▶ _Description of the task_: Nothing in the records may be altered, and no picture may be included. Restate them in full.

▶ _Available data_:
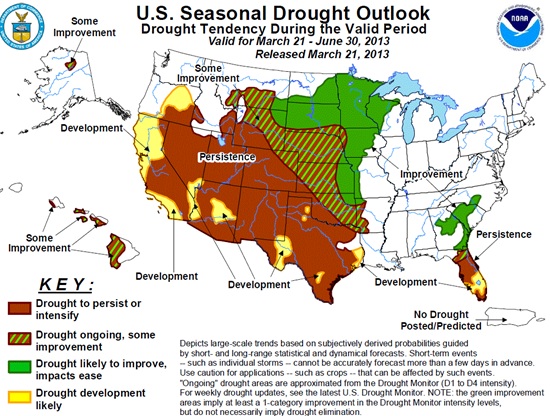 Current U.S. drought outlook through June 30, 2013, created March 21, 2013. Current U.S. drought outlook through June 30, 2013, created March 21, 2013.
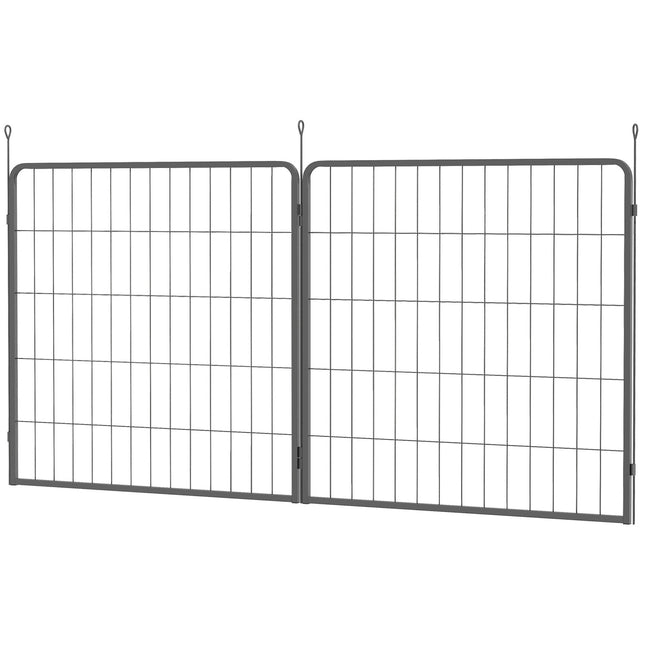 Outdoor dog fence panels, set of 2 - 80 x 80 cm, black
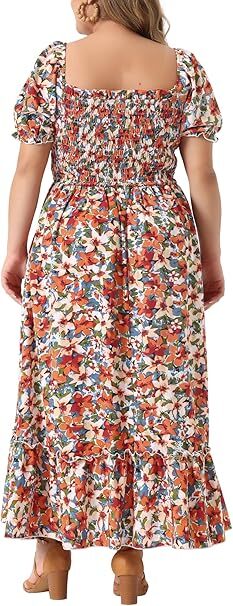 Frenchy Style Ditsy Floral Print Puff Sleeve A Line Maxi Dress, Square Neck Shirred Dress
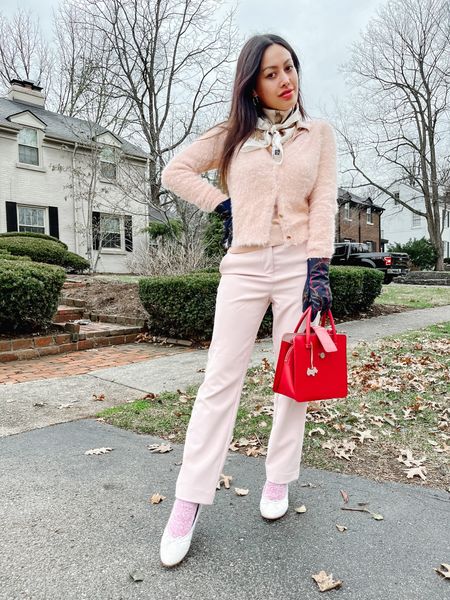 A fuzzy winter walk in simple layers and neutral blush with vibrant accessories 🏡British brands: Radley London and Aspinal of London are keeping this outfit interesting !

#LTKstyletip #LTKSeasonal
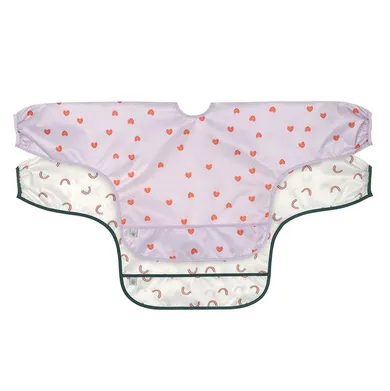 Lassig, Happy Rascals, zestaw śliniaków z długim rękawem, Heart Lavender, 6m+, 2 szt.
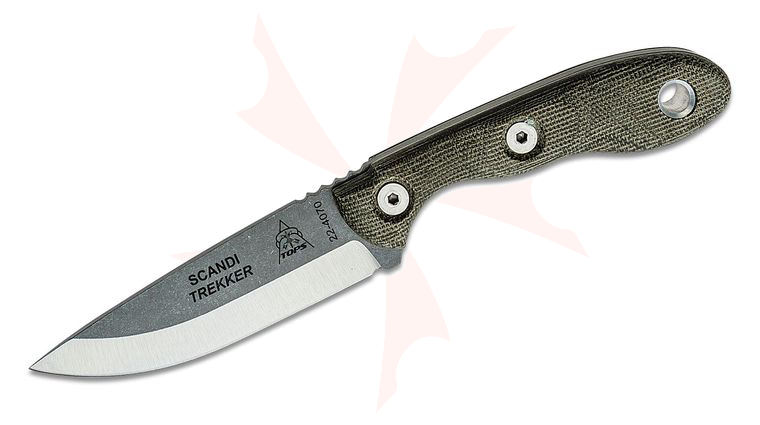TOPS Knives Scandi Trekker Fixed 3-5/8 inch 1095 Blade, Green Canvas Micarta Handles, Leather Sheath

▶ _Task solution_:
 Current U.S. drought outlook through June 30, 2013, created March 21, 2013. Current U.S. drought outlook through June 30, 2013, created March 21, 2013.
 Outdoor dog fence panels, set of 2 - 80 x 80 cm, black
 Frenchy Style Ditsy Floral Print Puff Sleeve A Line Maxi Dress, Square Neck Shirred Dress
 A fuzzy winter walk in simple layers and neutral blush with vibrant accessories 🏡British brands: Radley London and Aspinal of London are keeping this outfit interesting !

#LTKstyletip #LTKSeasonal
 Lassig, Happy Rascals, zestaw śliniaków z długim rękawem, Heart Lavender, 6m+, 2 szt.
TOPS Knives Scandi Trekker Fixed 3-5/8 inch 1095 Blade, Green Canvas Micarta Handles, Leather Sheath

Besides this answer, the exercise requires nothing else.